Almost Blue Promotions, to the delight of main man Martin Raitt, is starting to go places.
Or at least fill them, but the one downside to this increasing popularity is that they seem to attract a small
proportion of punters there to socialise noisily rather than watch and listen to the high quality acts now prepared to travel to our city.
It’s not unique to shows in Aberdeen; it’s a growing problem everywhere, disrespectful to performers, to audience members who can behave appropriately and to promoters like Martin who work hard to bring great music to what has been, for years, a neglected geographical backwater.
Fortunately, Tim Carpenter and Fred May, with co-conspirators Matt Flinner (banjo and mandolin) and the mischievous Todd Phillips on bass, delivered more than enough scintillating, swinging bluegrass to delight those there for the right reasons on the final night of their week-long Would It Kill You To Buy A CD? tour of Scotland.
The band’s stirring set was a sublime combination of fleet-fingered instrumentals and respectful and often unique takes on material by, among others, Merle Travis, Flatt and Scruggs, Tom Paxton, The Mississippi Sheiks and Woody Guthrie.

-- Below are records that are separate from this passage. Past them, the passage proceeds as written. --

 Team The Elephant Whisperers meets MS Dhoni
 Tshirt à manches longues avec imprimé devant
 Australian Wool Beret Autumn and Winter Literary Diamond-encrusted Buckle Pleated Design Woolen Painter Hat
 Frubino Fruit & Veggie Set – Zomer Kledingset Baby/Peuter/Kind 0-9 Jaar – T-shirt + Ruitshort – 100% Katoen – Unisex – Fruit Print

‘When You’re Smiling’ has been recorded, re-packaged, kicked around and generally abused by performers and producers alike since Satchmo made it a standard in the 1920s, but in the hands of these maestros it was delivered with almost visible swing and jaw-dropping instrumental prowess.
Everybody and their bar band has covered a Lennon and McCartney song, but We Can Work It Out is rarely given a makeover, never mind such a wistful but energetic 22-string melodic assault. I’m sure that Tim’s guitar solo is making George Harrison smile somewhere.
The band’s great friend, fiddler Ian Patton joined them for two emotional Celtic-flavoured tunes before, charging to a finish, Neil Young’s Out On The Weekend and Bill Monroe’s Jerusalem Ridge were given loving and lively Carpenter and May treatment.
Two encores, vociferously demanded, somehow managed to bring together the diverse and divided-by-decades joys of Dire Straits and The Stanley Brothers, as these marvellous craftsmen’s versatility and interpretive abilities dazzled the 80-strong Lampie crowd, privileged to be witnessing one of the live musical events of the year.